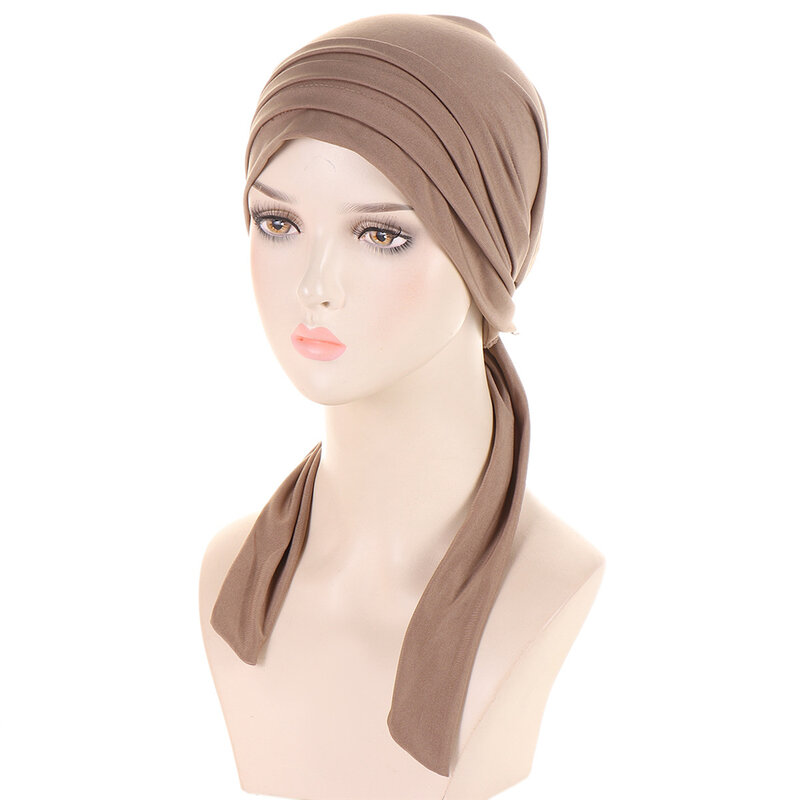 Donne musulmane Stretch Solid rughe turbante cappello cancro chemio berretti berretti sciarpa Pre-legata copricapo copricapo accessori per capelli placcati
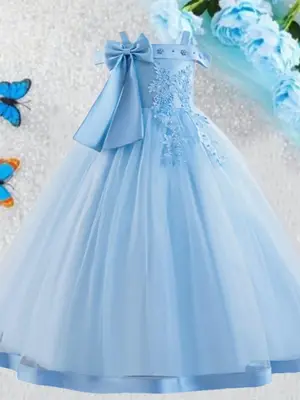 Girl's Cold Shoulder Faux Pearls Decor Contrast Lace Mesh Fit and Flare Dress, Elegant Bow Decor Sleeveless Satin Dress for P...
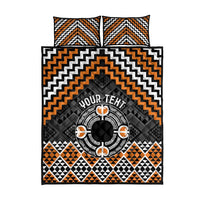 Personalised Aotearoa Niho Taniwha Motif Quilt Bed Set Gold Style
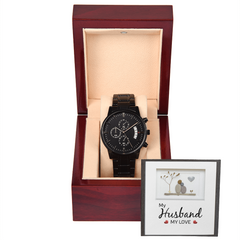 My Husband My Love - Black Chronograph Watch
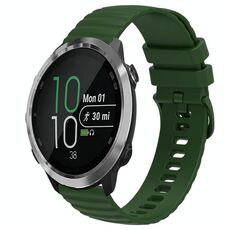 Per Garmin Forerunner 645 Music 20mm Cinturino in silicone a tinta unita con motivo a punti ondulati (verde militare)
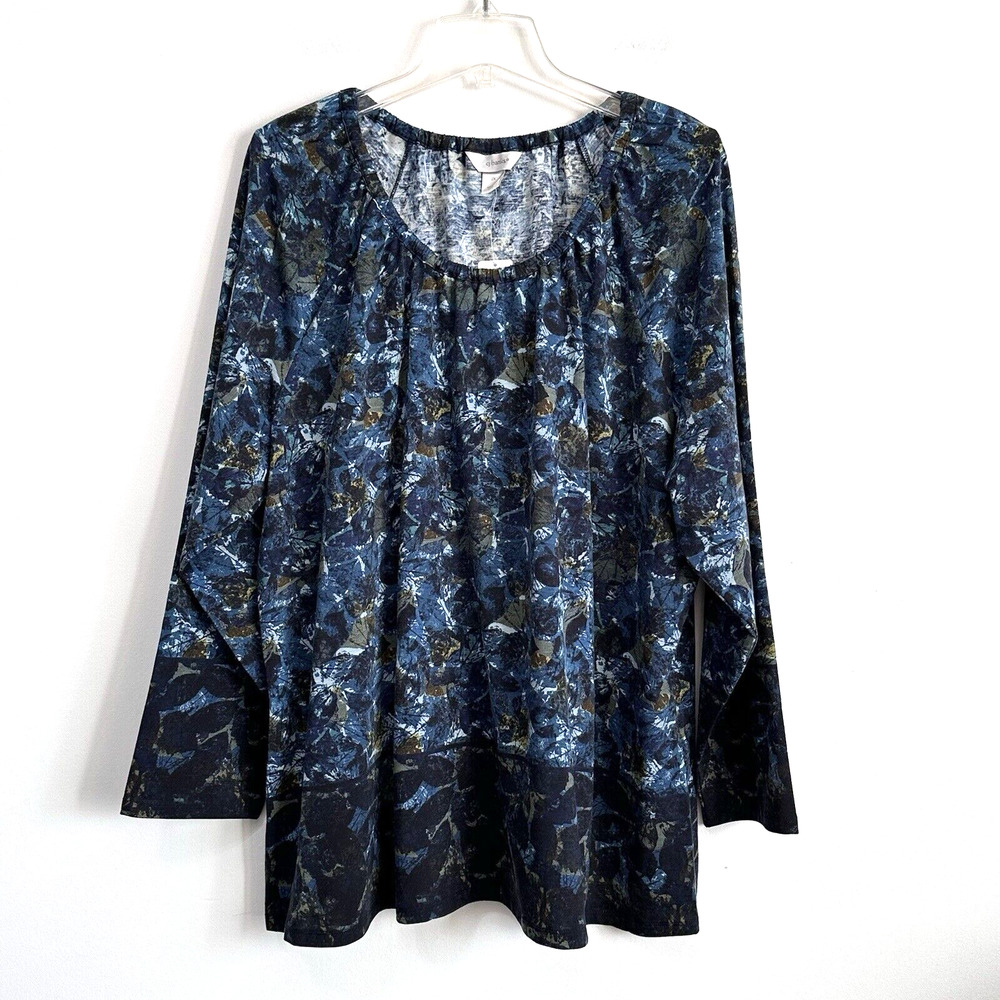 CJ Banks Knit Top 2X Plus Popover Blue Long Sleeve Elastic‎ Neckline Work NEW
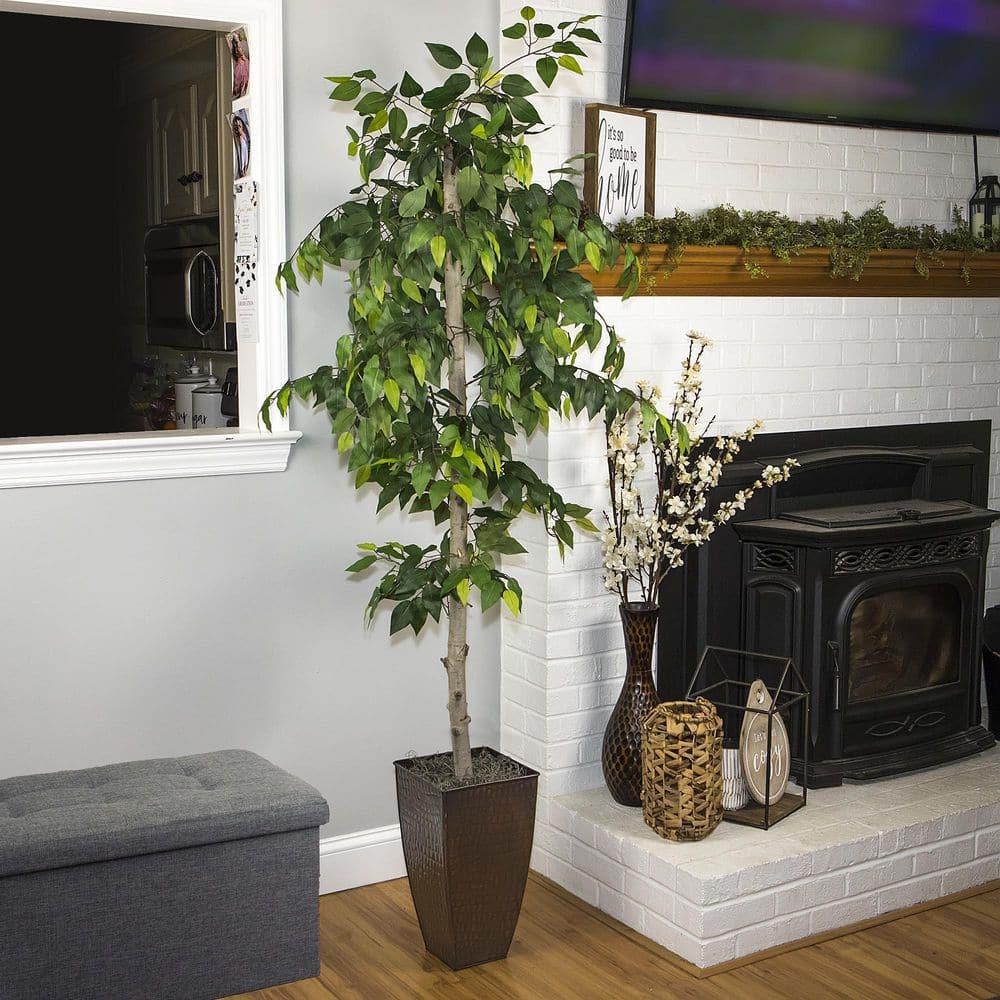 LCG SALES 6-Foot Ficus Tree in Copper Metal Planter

* * *

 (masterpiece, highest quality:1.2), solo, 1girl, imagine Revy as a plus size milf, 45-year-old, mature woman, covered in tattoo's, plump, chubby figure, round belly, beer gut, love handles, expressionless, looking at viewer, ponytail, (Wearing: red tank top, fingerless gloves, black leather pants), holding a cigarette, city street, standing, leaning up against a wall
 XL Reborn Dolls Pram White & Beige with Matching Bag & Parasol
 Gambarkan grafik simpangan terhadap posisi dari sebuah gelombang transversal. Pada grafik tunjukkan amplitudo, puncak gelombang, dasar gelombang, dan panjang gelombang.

--

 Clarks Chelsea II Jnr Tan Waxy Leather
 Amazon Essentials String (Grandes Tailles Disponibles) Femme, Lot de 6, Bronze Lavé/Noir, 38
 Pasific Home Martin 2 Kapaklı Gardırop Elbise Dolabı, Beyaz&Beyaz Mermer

> _WORK ORDER_: Starting with the line that has "My Husband My Love - Black Chronograph Watch" and ending with the line that has "LCG SALES 6-Foot", repeat the lines above exactly, omitting every picture.

> _EXERCISE OUTPUT_:
 My Husband My Love - Black Chronograph Watch
 Per Garmin Forerunner 645 Music 20mm Cinturino in silicone a tinta unita con motivo a punti ondulati (verde militare)
 CJ Banks Knit Top 2X Plus Popover Blue Long Sleeve Elastic‎ Neckline Work NEW
 LCG SALES 6-Foot Ficus Tree in Copper Metal Planter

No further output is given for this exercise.